## WORK ITEM
Return, word for word, only the lines of the data below that lie between the line with "Set swipe up" and the line with "Nictemaw Portable Washing", those two lines included.
(INFORMATION GIVEN begins)
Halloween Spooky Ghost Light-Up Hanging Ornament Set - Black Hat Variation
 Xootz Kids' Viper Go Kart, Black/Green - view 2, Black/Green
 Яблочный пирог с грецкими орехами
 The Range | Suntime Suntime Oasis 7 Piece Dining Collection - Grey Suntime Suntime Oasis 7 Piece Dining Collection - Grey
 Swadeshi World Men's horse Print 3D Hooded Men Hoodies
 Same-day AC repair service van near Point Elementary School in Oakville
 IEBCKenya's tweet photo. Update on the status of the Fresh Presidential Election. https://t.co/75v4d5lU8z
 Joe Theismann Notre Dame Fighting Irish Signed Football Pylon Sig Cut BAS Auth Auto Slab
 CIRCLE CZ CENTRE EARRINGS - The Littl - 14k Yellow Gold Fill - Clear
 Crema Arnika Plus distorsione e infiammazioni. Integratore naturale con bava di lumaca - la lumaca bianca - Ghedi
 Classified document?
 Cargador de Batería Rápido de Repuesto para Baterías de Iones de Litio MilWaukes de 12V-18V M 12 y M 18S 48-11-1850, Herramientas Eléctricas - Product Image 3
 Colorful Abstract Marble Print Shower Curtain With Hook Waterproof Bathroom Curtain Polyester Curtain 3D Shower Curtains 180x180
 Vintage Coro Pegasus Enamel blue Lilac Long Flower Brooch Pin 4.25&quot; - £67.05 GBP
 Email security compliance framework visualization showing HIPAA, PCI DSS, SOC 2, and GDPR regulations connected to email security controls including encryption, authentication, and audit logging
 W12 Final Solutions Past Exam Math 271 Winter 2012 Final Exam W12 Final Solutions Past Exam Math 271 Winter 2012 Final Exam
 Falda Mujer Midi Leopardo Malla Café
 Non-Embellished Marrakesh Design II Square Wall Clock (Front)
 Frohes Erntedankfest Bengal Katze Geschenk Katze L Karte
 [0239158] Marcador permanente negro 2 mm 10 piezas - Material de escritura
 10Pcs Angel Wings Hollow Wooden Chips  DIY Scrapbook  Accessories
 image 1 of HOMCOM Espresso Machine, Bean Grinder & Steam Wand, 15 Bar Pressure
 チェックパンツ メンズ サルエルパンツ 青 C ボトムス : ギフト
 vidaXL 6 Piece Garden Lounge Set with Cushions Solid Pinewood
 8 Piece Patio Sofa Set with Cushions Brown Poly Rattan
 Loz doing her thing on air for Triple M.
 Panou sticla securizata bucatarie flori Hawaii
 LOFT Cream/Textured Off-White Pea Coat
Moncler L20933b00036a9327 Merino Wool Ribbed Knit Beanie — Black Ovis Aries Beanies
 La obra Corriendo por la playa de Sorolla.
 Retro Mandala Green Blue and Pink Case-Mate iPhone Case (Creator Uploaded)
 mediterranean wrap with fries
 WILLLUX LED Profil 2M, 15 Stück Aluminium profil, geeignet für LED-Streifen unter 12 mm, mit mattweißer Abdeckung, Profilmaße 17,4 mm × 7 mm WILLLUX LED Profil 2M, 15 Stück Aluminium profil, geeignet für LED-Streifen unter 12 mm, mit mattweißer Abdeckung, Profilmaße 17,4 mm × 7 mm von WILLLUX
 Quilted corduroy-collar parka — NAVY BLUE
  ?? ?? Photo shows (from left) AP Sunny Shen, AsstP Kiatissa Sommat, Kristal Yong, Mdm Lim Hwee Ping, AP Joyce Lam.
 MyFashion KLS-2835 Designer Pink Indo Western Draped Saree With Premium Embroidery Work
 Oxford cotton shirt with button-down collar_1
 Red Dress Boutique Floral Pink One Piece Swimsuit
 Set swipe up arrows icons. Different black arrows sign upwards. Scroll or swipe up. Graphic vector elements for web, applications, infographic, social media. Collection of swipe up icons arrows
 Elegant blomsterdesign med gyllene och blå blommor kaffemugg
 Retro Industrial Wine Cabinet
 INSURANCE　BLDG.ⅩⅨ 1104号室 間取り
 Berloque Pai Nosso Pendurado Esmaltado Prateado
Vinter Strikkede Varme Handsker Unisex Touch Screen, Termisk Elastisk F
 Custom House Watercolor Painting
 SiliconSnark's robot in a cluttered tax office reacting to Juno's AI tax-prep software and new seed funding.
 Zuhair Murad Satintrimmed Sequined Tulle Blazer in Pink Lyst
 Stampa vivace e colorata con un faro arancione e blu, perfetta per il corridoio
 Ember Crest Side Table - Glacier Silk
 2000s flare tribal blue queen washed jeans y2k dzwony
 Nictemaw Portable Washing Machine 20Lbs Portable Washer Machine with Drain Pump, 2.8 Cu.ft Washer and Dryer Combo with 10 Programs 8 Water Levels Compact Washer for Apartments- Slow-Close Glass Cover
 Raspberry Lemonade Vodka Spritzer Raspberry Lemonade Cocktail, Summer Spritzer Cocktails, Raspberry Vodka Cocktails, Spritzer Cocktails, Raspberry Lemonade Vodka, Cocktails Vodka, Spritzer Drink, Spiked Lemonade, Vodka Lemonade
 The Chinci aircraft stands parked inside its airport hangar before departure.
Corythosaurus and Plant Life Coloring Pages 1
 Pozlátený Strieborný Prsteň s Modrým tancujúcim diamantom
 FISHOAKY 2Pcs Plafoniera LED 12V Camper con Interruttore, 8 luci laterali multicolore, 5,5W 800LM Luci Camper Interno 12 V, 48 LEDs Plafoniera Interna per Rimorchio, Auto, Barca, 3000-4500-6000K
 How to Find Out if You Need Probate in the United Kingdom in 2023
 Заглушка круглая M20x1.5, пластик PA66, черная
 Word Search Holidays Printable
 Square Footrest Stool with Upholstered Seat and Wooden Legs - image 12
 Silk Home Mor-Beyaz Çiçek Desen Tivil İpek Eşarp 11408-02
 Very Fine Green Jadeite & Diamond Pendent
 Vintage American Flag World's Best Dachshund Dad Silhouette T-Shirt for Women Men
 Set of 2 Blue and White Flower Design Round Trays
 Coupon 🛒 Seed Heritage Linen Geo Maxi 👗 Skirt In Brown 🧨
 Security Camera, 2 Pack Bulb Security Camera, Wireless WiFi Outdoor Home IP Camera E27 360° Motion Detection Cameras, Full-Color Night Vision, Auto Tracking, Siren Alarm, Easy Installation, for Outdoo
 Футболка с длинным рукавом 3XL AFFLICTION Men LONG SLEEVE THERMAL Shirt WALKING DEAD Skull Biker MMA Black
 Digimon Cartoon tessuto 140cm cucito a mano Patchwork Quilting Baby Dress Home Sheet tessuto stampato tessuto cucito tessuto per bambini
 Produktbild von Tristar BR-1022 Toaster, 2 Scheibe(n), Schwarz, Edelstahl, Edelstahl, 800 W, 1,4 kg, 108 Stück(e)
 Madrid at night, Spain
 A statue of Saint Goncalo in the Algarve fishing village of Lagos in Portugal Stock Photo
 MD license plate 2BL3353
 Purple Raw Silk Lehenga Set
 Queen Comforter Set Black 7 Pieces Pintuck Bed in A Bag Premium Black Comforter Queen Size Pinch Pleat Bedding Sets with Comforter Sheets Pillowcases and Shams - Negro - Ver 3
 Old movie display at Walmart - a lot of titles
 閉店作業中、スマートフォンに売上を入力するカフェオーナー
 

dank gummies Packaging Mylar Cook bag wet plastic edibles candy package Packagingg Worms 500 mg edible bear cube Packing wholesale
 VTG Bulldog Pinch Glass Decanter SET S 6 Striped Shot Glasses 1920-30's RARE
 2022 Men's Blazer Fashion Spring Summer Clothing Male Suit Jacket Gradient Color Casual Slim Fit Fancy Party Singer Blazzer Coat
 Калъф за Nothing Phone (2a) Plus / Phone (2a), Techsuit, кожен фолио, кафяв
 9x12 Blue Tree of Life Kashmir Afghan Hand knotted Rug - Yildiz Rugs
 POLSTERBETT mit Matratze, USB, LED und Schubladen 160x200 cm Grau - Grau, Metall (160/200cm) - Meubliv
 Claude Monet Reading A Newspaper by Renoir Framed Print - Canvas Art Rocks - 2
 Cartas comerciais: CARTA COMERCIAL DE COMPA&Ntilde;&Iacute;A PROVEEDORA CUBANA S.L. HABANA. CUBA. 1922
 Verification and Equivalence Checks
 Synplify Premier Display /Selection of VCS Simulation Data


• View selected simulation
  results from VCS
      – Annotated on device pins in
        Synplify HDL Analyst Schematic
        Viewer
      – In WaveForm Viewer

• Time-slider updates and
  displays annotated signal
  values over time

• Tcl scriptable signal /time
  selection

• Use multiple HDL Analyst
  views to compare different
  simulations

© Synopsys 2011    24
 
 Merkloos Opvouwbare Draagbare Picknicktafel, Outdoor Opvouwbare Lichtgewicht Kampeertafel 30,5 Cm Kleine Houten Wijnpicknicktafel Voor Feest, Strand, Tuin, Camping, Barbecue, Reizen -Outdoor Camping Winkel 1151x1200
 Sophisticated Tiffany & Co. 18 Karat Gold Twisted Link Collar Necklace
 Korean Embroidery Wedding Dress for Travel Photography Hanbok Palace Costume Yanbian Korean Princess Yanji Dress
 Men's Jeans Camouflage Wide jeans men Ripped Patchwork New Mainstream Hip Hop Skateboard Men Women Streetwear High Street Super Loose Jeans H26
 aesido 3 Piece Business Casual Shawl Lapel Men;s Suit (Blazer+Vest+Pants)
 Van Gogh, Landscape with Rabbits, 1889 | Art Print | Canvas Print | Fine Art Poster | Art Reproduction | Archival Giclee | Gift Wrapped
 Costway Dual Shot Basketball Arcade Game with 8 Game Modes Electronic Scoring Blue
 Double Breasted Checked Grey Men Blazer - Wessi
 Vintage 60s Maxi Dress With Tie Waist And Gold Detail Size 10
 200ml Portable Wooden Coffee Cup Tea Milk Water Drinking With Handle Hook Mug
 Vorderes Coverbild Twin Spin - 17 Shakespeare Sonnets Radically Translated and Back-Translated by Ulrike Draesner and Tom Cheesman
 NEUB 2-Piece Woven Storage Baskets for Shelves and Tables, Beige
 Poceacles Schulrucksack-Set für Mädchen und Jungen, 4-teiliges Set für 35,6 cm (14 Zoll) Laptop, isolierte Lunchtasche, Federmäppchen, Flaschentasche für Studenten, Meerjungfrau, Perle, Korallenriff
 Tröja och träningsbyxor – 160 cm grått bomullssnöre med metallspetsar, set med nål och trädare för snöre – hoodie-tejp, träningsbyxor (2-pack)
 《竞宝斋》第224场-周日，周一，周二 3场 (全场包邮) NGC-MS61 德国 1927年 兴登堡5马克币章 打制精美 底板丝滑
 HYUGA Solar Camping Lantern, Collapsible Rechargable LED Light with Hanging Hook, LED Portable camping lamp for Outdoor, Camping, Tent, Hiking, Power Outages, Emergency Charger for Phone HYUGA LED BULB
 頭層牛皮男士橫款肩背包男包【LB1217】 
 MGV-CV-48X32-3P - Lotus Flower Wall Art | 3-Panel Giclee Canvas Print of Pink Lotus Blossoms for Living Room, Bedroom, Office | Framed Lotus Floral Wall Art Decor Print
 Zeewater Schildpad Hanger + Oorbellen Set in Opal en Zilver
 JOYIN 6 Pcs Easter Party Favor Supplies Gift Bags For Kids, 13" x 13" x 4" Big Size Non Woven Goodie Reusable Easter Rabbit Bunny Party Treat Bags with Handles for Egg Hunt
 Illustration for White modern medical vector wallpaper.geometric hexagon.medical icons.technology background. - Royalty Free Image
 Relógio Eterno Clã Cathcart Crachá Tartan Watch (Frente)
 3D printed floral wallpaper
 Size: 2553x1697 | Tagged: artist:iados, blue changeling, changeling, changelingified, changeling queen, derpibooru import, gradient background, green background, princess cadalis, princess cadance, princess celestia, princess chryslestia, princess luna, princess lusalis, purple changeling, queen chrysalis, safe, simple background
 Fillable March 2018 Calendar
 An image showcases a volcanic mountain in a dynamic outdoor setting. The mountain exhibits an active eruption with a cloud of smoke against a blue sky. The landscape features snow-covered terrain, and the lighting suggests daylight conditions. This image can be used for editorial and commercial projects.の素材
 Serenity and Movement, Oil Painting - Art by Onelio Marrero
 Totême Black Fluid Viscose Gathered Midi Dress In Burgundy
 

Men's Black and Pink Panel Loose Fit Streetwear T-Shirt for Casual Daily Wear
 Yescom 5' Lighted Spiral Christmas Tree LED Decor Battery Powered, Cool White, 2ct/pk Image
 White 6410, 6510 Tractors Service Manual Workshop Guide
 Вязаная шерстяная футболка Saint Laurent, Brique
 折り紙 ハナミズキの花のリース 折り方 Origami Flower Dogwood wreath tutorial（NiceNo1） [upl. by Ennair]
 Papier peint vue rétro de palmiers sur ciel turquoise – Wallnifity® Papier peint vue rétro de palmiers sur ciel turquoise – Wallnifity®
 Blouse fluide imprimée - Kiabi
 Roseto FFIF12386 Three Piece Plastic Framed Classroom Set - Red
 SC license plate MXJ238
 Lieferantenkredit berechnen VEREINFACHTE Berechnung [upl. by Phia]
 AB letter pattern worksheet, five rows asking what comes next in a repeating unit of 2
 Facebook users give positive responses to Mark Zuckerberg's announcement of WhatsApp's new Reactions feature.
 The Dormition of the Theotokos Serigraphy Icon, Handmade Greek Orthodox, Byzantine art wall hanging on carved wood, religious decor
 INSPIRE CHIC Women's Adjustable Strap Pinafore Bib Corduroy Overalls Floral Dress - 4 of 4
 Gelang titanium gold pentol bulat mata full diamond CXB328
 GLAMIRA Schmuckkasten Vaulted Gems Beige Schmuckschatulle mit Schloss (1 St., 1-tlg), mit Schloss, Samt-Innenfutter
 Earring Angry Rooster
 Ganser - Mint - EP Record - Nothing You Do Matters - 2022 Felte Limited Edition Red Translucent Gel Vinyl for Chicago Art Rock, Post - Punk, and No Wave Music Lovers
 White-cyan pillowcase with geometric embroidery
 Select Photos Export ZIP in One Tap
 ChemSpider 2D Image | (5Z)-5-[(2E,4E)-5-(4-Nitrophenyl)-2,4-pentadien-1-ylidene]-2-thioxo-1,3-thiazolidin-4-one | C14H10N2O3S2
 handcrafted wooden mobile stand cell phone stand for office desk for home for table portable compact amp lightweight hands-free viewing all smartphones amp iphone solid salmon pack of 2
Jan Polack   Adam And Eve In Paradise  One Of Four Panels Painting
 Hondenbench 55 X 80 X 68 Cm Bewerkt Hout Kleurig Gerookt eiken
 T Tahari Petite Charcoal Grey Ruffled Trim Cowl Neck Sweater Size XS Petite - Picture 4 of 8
(INFORMATION GIVEN ends)
## COMPLETED TASK
 Set swipe up arrows icons. Different black arrows sign upwards. Scroll or swipe up. Graphic vector elements for web, applications, infographic, social media. Collection of swipe up icons arrows
 Elegant blomsterdesign med gyllene och blå blommor kaffemugg
 Retro Industrial Wine Cabinet
 INSURANCE　BLDG.ⅩⅨ 1104号室 間取り
 Berloque Pai Nosso Pendurado Esmaltado Prateado
Vinter Strikkede Varme Handsker Unisex Touch Screen, Termisk Elastisk F
 Custom House Watercolor Painting
 SiliconSnark's robot in a cluttered tax office reacting to Juno's AI tax-prep software and new seed funding.
 Zuhair Murad Satintrimmed Sequined Tulle Blazer in Pink Lyst
 Stampa vivace e colorata con un faro arancione e blu, perfetta per il corridoio
 Ember Crest Side Table - Glacier Silk
 2000s flare tribal blue queen washed jeans y2k dzwony
 Nictemaw Portable Washing Machine 20Lbs Portable Washer Machine with Drain Pump, 2.8 Cu.ft Washer and Dryer Combo with 10 Programs 8 Water Levels Compact Washer for Apartments- Slow-Close Glass Cover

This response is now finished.